▶ Exercise description
The reply to the records below should contain exactly the lines from the line with "Short Sleeve Tie Front Mini T-Shirt Dress" through the line with "Fototapete minimalist beach", and nothing besides.

---- Given records

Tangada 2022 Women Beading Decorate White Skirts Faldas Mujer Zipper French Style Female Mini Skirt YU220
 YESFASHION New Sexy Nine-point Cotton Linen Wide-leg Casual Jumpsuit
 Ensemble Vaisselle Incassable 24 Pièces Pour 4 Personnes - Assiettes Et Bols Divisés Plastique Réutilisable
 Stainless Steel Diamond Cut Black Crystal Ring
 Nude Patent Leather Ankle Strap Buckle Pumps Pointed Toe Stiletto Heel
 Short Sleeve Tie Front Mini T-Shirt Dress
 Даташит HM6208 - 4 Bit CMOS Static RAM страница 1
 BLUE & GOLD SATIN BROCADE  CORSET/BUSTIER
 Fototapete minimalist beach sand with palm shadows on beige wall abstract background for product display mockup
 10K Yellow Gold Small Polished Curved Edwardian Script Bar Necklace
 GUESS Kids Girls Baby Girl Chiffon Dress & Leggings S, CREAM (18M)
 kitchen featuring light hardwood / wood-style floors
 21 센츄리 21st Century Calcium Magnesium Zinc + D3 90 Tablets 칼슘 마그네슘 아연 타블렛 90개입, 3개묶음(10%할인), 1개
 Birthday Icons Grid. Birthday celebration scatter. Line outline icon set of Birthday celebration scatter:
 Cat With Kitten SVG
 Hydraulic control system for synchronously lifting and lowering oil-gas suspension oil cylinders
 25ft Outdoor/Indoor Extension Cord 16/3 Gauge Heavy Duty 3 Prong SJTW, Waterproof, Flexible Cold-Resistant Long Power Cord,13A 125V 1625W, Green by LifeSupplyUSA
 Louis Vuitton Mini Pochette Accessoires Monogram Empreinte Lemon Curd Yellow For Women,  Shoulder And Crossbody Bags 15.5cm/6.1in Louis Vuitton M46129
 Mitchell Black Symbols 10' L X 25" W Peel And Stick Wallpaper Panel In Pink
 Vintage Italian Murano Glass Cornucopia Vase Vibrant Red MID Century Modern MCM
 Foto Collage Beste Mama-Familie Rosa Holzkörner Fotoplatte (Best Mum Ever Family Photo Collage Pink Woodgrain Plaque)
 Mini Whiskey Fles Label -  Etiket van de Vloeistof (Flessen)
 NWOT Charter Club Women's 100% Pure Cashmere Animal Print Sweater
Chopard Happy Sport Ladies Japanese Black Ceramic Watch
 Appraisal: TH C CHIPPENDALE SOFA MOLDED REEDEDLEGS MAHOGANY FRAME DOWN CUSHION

--------

▶ Exercise solution
 Short Sleeve Tie Front Mini T-Shirt Dress
 Даташит HM6208 - 4 Bit CMOS Static RAM страница 1
 BLUE & GOLD SATIN BROCADE  CORSET/BUSTIER
 Fototapete minimalist beach sand with palm shadows on beige wall abstract background for product display mockup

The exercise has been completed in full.